The actor Cate Blanchett is building her own private gallery at her country estate in East Sussex, England, to house her contemporary art collection. According to the Times newspaper, the new building in the grounds of Highwell House near Crowborough has been approved by the appropriate local councils. Blanchett bought the Victorian mansion in 2015.
Planning documents submitted to Wealden District Council dating from October 2020, show that the gallery will form part of a new building designed by Adam Richards Architects of London. The new complex, which will also include a meditation room, will replace a shed and cottage in the grounds of the property.
But both buildings house common pipistrelle and long-eared bats which are a protected species. The issue of protecting the bats was resolved by providing “bat roosting opportunities” in the new building, say the minutes from that planning meeting, which also state that the gallery plan for Highwell House was approved on 7 January.

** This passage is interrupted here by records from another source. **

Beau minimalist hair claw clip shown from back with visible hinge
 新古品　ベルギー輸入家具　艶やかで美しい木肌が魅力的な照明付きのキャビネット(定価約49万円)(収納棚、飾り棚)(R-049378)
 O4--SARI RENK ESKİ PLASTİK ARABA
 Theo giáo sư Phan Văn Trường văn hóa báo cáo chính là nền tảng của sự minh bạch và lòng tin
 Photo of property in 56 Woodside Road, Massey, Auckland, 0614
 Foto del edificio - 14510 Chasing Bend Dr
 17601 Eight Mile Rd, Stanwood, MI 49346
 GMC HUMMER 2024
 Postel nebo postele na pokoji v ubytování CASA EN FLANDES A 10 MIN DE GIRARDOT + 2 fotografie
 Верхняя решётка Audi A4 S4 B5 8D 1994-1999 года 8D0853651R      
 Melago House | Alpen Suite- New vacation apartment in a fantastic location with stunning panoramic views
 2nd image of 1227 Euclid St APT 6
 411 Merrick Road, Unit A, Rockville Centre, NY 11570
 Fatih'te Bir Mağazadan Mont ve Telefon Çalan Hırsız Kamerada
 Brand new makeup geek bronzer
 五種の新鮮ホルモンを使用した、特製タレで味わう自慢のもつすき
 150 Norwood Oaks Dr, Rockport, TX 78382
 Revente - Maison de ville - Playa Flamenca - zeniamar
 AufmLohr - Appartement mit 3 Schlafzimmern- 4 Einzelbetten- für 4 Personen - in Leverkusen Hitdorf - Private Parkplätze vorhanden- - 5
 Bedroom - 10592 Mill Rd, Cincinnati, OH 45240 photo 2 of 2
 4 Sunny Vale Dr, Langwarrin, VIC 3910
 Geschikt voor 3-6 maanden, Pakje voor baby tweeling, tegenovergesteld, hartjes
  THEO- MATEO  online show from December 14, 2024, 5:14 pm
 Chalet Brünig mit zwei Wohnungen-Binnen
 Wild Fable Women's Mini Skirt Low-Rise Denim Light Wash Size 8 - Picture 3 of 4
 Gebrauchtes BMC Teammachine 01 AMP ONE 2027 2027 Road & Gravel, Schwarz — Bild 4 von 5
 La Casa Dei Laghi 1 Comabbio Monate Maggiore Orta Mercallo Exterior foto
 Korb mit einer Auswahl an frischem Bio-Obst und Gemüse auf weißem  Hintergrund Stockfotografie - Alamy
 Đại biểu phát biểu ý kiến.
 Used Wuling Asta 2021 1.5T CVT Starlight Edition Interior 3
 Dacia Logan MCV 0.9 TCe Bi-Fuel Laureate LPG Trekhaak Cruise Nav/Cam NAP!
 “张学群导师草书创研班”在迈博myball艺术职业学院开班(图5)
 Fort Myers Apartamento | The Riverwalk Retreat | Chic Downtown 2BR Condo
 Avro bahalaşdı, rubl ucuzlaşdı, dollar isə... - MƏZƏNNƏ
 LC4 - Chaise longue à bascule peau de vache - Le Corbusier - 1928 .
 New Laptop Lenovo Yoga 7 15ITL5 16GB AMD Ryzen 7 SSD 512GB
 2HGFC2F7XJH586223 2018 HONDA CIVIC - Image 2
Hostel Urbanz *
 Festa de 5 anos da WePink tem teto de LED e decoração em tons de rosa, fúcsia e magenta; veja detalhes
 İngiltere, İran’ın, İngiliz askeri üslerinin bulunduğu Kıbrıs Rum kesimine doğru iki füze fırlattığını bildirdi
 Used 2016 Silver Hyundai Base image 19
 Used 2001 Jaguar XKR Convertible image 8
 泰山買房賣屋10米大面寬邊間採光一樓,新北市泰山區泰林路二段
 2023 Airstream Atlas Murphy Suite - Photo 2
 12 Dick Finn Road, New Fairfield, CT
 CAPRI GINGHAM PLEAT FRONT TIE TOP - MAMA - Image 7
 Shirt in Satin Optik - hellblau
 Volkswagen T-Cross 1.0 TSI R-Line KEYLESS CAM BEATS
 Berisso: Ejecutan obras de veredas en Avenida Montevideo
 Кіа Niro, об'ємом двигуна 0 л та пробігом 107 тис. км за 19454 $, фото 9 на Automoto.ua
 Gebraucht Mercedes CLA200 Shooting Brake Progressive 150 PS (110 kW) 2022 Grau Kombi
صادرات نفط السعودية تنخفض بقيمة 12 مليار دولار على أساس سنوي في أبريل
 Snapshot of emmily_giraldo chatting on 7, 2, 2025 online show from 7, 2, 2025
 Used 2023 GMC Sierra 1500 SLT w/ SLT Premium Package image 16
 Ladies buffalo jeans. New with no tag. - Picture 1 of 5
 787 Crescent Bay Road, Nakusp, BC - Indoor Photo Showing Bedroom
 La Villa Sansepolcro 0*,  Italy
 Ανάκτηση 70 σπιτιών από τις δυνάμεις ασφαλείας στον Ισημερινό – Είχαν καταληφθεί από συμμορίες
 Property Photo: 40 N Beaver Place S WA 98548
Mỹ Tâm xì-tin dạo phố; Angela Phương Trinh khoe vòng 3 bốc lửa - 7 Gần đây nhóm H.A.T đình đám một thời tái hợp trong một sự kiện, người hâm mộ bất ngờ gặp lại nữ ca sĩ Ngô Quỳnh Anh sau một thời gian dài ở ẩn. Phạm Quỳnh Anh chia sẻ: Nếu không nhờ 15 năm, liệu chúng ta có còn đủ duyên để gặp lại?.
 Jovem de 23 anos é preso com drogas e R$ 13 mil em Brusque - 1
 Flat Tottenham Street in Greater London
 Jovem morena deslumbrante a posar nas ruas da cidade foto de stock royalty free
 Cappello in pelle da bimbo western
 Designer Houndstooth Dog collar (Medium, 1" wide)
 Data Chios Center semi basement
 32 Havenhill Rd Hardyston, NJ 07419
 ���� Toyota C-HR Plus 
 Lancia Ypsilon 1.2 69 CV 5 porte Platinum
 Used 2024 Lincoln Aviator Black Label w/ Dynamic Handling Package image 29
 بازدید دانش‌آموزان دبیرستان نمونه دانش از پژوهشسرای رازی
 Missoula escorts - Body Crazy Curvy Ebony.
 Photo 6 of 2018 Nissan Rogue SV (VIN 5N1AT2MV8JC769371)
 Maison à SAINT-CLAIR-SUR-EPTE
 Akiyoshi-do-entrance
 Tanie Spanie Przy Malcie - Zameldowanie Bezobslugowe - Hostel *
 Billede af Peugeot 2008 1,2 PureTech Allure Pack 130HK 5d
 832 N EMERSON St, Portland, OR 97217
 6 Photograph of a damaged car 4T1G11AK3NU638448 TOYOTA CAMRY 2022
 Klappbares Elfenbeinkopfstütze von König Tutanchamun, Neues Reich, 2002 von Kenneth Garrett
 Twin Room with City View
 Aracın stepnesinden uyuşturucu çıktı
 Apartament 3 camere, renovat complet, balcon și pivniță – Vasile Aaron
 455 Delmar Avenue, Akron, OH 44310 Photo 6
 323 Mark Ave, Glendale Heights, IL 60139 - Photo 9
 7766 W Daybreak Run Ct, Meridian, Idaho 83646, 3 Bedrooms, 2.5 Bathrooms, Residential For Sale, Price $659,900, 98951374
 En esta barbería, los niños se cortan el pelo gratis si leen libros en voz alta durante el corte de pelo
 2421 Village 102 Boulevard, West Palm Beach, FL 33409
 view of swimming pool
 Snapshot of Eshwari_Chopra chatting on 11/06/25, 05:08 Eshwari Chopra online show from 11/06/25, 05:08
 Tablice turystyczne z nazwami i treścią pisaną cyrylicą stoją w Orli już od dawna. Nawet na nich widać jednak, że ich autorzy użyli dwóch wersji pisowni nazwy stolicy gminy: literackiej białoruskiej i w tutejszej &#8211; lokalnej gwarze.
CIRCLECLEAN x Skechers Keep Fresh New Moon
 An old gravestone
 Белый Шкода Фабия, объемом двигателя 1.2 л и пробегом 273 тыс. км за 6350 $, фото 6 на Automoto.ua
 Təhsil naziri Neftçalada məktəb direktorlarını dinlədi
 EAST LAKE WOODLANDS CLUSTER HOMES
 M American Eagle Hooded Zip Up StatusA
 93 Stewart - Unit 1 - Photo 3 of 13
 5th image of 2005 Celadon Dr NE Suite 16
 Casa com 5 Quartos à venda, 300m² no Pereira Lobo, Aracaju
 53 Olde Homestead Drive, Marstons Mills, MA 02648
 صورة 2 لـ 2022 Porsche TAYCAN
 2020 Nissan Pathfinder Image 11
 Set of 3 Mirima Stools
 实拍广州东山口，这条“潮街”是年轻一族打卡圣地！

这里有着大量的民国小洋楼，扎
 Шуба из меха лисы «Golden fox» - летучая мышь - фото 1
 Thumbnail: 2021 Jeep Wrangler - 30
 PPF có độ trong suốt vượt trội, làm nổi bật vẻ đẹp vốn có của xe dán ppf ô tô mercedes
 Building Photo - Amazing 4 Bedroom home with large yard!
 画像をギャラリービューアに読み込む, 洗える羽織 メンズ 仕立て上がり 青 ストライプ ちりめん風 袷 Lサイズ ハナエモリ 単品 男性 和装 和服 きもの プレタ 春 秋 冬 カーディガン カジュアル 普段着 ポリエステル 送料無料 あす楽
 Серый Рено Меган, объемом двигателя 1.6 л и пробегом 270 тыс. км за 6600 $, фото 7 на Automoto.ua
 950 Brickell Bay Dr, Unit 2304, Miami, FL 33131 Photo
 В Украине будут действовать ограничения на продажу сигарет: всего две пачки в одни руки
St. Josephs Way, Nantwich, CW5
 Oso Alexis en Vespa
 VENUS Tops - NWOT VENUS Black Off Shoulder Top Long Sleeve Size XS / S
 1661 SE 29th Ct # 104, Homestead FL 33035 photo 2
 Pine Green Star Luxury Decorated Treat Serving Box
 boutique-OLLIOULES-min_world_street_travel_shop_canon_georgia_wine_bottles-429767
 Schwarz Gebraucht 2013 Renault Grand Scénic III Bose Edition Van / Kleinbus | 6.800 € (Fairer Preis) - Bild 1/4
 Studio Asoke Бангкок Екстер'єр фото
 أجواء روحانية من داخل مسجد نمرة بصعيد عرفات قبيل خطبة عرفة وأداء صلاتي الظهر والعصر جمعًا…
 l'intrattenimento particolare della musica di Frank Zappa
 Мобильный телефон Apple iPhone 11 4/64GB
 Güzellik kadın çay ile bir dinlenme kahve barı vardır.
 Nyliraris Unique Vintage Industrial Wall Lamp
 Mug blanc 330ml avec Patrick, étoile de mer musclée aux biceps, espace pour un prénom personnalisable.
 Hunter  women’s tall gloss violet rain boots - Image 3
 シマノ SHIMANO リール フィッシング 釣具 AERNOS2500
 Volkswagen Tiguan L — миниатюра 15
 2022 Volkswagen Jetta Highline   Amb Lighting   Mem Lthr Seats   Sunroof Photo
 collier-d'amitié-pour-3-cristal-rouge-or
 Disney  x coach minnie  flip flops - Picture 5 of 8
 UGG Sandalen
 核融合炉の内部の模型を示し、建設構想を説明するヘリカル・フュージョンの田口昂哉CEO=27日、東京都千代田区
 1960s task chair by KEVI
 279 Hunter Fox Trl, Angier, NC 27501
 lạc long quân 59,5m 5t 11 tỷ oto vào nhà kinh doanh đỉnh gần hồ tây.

The project is backed by another local authority, Rotherfield Parish Council; its planning and building committee minutes (on 8 December 2020) state that plans to “construct [an] ancillary garden building as home office/studio and gallery” have been approved. The reason given in the meeting notes is that it “will enhance the facilities of the property”.
Blanchett is thought to own works by Paula Rego and Zhang Huan. In 2010, the Sydney Morning Herald reported that Blanchett had bought the 20-panel piece Target by the Chinese-Australian artist Guan Wei. She could not be reached for comment.
The actor, who has starred in Blue Jasmine and Mrs. America, carved a presence in the art world with her role in the 2015 multi-screen film Manifesto, directed by the German artist Julian Rosefeldt. In the film, she delivers a dystopian performance as 13 separate characters who recite artists’ manifestos of various movements, from Kazimir Malevich’s Suprematist Manifesto (1916) to the Fluxus Manifesto (1963) by Mierle Laderman Ukeles.
Late last year, Blanchett appeared in a video and sound installation that reimagines the “temperaments”, or the theory of “personality types” introduced by the Greek philosopher Galen. The Four Temperaments (2020), created by the Italian artist Marco Brambilla, was shown at Michael Fuchs Galerie in Berlin.